Samsung's 'pebble' remote
Samsung's 'pebble' remote



I came across this ‘pebble’ remote from Samsung the other day. It’s a lovely design piece, but it’s its utility that I really like.  It was introduced because most people find the standard remote that comes with pretty much every new TV (or any other piece of technology for that matter) much too complex.

When you first buy the technology it’s great. Right there in your hand is a showcase of the world of possibility contained within your purchase. So much personalisation possible, so many features to explore, so much that will maximise the quality of your experience. But it doesn’t take long for this world of possibility to become a distraction. It’s actually an impediment to enjoyment – it makes the process of watching TV that much more complex than you want it to be. So invariably you end up using about three functions – on/off, volume and channel. Beyond that, you rely on the fact that Samsung know what they’re doing and that the picture will be great. It’s a very rare occasion on which you feel the need to explore the world of complexity contained within that remote. Hence the pebble remote is immensely satisfying.  It does the basic things really well, doesn’t confuse and is nice to have around.
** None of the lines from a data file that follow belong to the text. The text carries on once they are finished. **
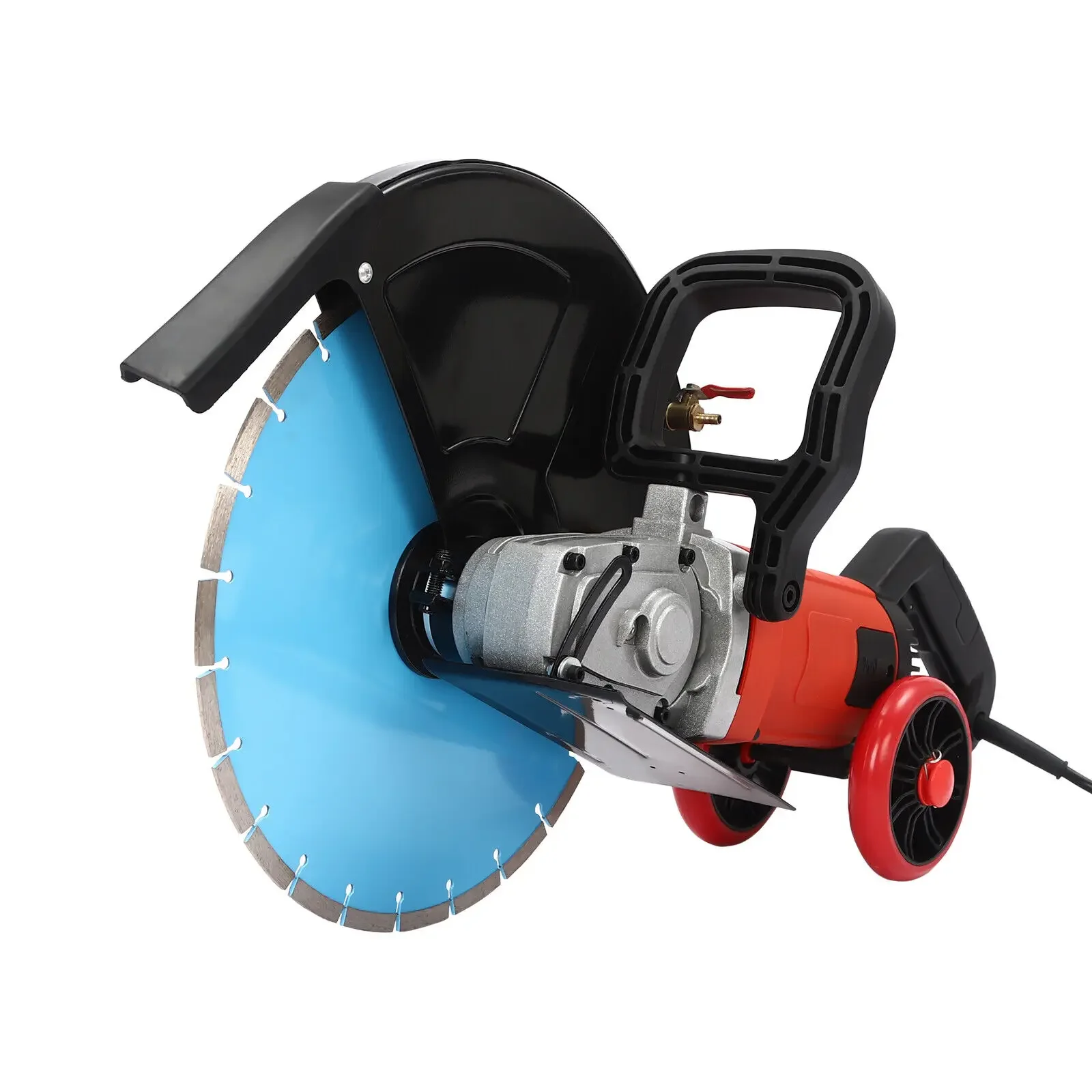 Concrete Saw Cutter Plaster Cutter with 350mm Diamond Cutting Disc 4000w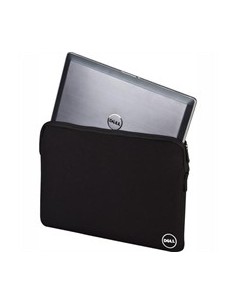DELL Neoprene Sleeve 15.4'' borsa per notebook 39,6 cm (15.6") Custodia a tasca Nero 2
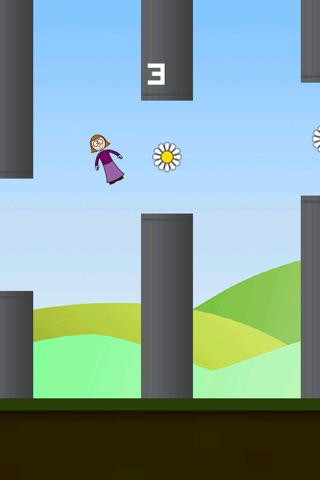 Flappy Mom - Fly Like a Bird & Collect The Flower Cards, Happy Flappy Mother’s Day 2014! screenshot 3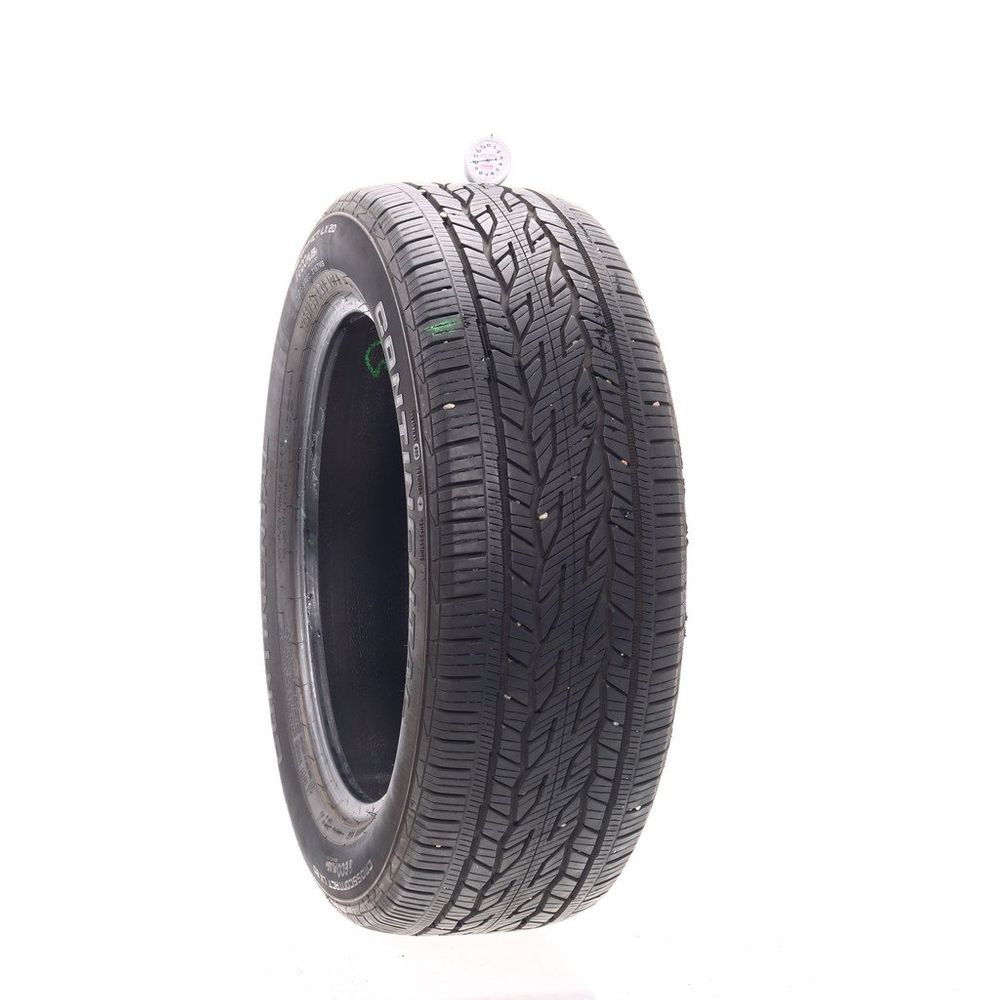 Set of (2) Used 255/55R20 Continental CrossContact LX20 107H - 10-11.5/32 - Image 1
Which strikes me as being rather like the experience of dealing with an agency. In the pitch process we bring out the full remote – all the functions, the specialities, the proprietary tools, the algorithms, the experts with the minutely-specific tasks that sound almost as impressive as their deliciously-contrived titles suggest. And just as it’s the world of possibilities that often motivate people to buy TVs, so the world of possibilities will often help a client buy an agency.

But we need to understand when we need to deliver them the agency equivalent of the pebble remote – the core functions that get the job done in the most simple, effective and satisfying way.

I think as agencies we’re too inclined to want to cling to the complex remote. We want clients to admire our depth and our complexity, when what they want is the ease of a pebble remote that does the basic things really well, doesn’t confuse and is nice to have around. And if we’ve done our jobs properly, they can make this transition secure in the knowledge that all the rigour in the world sits behind it.